Laurent Baffie, le sniper de ‘Tout le monde en parle’, la mythique émission d’Ardisson, c’est justement l’une des vedettes du trait d’humour, de la vanne facile, des réparties cinglantes — une sorte de rival, peut-être. 

Ma génération a en tout cas été souvent encline à le considérer comme l’homme le plus drôle de France, jusqu’à en faire la victime d’une involontaire et édifiante débâcle — assez similaire à celle qui frappe Coluche, dont je mets quiconque au défi de se souvenir de la moindre drôlerie : il existe un site qui retranscrit les meilleures interventions télévisées de Laurent Baffie. Et c’est, passé la magie de l’instant et l’ennui d’un samedi soir où, invité nulle part, on s’était résolu à manger des céréales devant cette reconstitution soignée d’un dîner en ville, d’une platitude confondante. 

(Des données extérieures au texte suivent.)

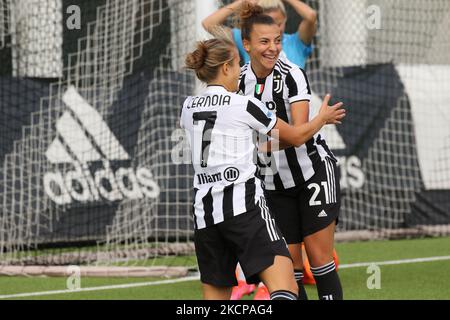 Arianna Caruso (Juventus Women) et Valentina Cernoia (Juventus Women) célèbrent le but lors du match de football italien Serie A Women Juventus FC vs Napoli Femminile sur 09 octobre 2021 au centre de formation de Juventus à Turin, Italie (photo de Claudio Benedetto/LiveMedia/NurPhoto) Banque D'Images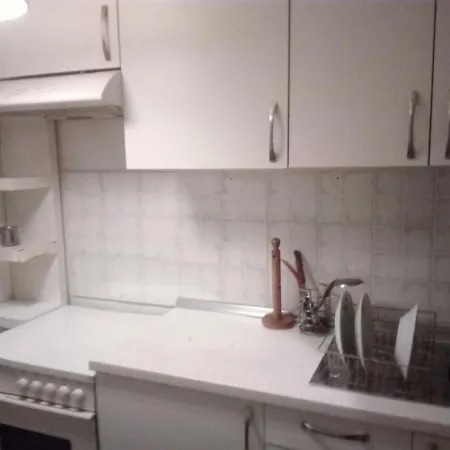 Luxurious 2 Bedroom Center In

Je comprenais soudain, n’en déplaise à Proust, pourquoi Saint-Simon avait omis de donner une transcription de l’esprit Mortemart. 

Le rire est peut-être la première chose à mourir. 

C’est un sentiment de l’instant, un sous-produit de la vitesse. 

On est rarement drôle, dans une conversation, mais on peut être rapide et surprendre son interlocuteur par un raccourci qui le fera sourire. 

L’esprit est une forme condensée de l’intelligence — et immédiatement, irrémédiablement soluble dans la conversation.

Je me suis néanmoins essayé parfois à l’esprit de bistrot. 

Et j’ai fait une découverte fascinante sur ce qui faisait vraiment rire mes compatriotes — sur ce qui leur arrachait des éclats de rire sincères, plutôt que des sourires mesquins de connivence.

C’est à Etienne, mon complice de vélo, que je dois cette découverte. On s’était arrêté dans un café à Briquebec, entre La Hague et Carentan, dans la Manche — j’avais fait là ce que je tiens encore pour le meilleur jeu de mot de ma vie : “Carentan toujours puceau”. Mais ce n’était rien, par rapport à la sidération qui avait foudroyé le visage d’un vieil habitué du café quand mon ami avait demandé qu’on lui rende la monnaie en billets, plutôt qu’en pièces, “car à vélo la moindre masse compte.” Le type avait entrouvert la bouche, stupéfié de cette réplique, et nous avait regardé, ahuri, sans prononcer un mot. C’était au-delà du rire. Il était pétrifié. Il mettrait peut-être une heure à comprendre, et nous devions déjà avoir atteint la pointe de la presqu’ile, à plus de 40 kilomètres de là, quand il avait commencé à rire. Et je suis certain qu’il rit encore, à chaque fois qu’il se souvient de nous, qui l’avions si bien eu.

J’ai appris, depuis, à être drôle dans tous les bistrots de France : il s’agit tout simplement d’être strictement tautologique. Dire que le café est bon, et reprendre un café. Cela suffit à s’assurer de la bienveillance de son hôte. Mais l’idéal, c’est de prendre du gâteau, s’il y en a. De le manger et d’en reprendre une part. Cela déclenche une bonhomie immédiate et communicative. On est celui qui a repris du gâteau. Et on peut monter, comme cela, encore plus haut dans les gammes du rire. En commentant soi-même ce qu’on vient de faire : “j’ai bien fait de reprendre du gâteau. Car il est vraiment bon.” À ce stade, tout le café se regroupe autour de notre table, certain qu’il y aura une saillie supplémentaire. C’est le moment en général où je deviens l’homme le plus drôle de France, un personnage de légende, l’Obélix universel, en déclarant, sobrement, que j’en reprendrais peut-être une petite part.